2019 Predictions: M&A, Big Tech, and the Fate of ACOs
The Meaningful Use gravy train finally came to an end in 2018. As the strongest EHR vendors struggle to define new revenue streams, weaker ones faded from view through acquisitions or leveraged buy-out. Meanwhile, funding for ‘digital health’ start-ups continued to increase, though it likely hit the high water mark in 2018. And lest we forget, Amazon, Apple and Google continue their forays into the healthcare sector as the market is simply too big to ignore.
So what’s in store for 2019?
We brought together our analysts’ brain trust and came up with the following baker’s dozen of 2019 predictions. Over the near decade of making these annual predictions, our batting average has consistently been well above .500, so don’t ever say we didn’t give you an advanced warning on the following:
Revenue cycle management M&A activity will continue to pick up with the most notable acquisition by Optum as it doubles down on its Optum 360 managed revenue cycle business and acquires Conifer Health Solutions from Tenet.
Despite the hype and media attention around alternative primary care clinics (e.g. Oak Street Health, Chen Med, One Medical), the actual number of physical locations serving patients will remain paltry at less than ten percent of the number of retail health clinic locations.
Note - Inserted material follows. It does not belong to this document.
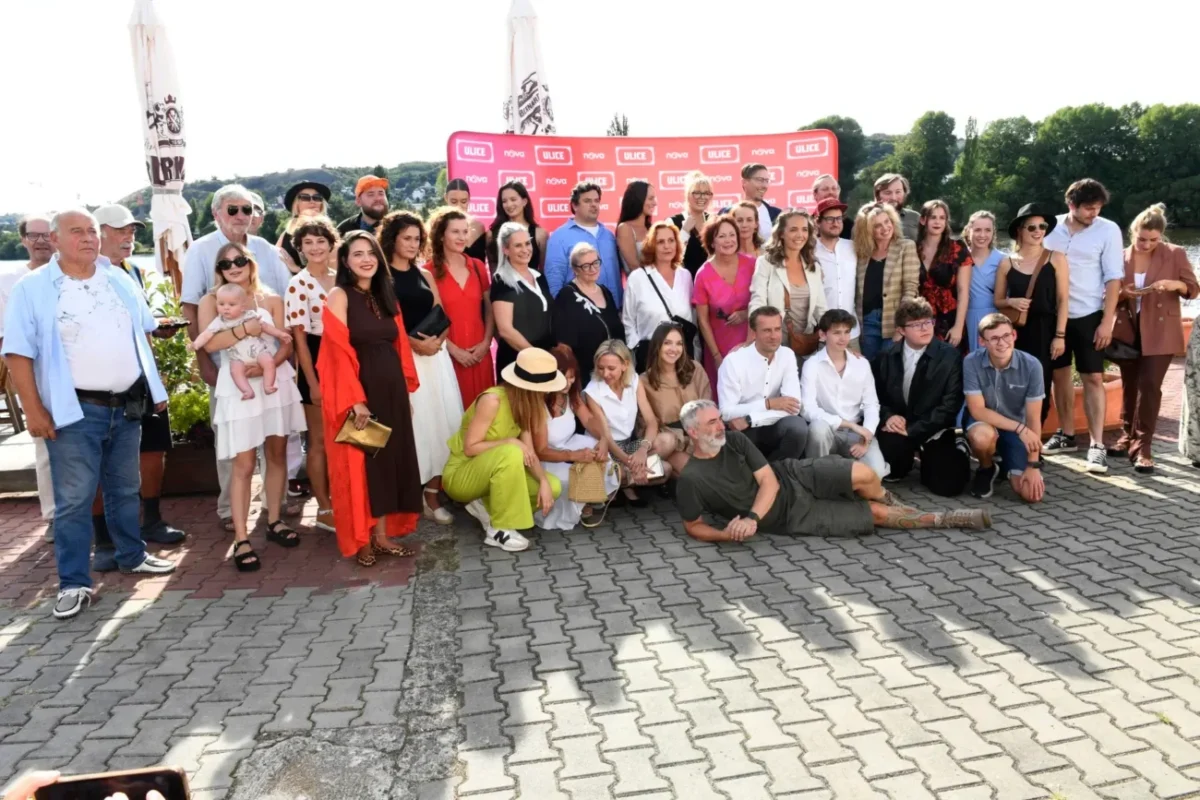 Herci z Ulice stojí vedle sebe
Walgreens will likely make the first move to acquire Humana in 2019, but Walmart will outbid Walgreens to win Humana over.
The number of FDA approvals for algorithms in 2018 was impressive and shows no signs of abating. Additionally, 2020 will see a further tripling of regulatory approvals for AI.
Consumers’ use of telehealth will continue to see rapid growth and rising competition leading to significant consolidation among the plethora of vendors. By year-end, a major non-healthcare-specific consumer brand will join the mix, and the market will be down to five direct-to-consumer (DTC) nationwide brands.
By the end of 2019, every major healthcare analytics vendor will provide a cloud-hosted offering with optional data science and report development services.
Cloud offerings have become far more robust, concurrent with HCOs’ struggles to recruit IT talent and control costs. Amazon’s AWS and Microsoft’s Azure will be clear winners while Google’s own cloud infrastructure services will remain a distant third in 2019.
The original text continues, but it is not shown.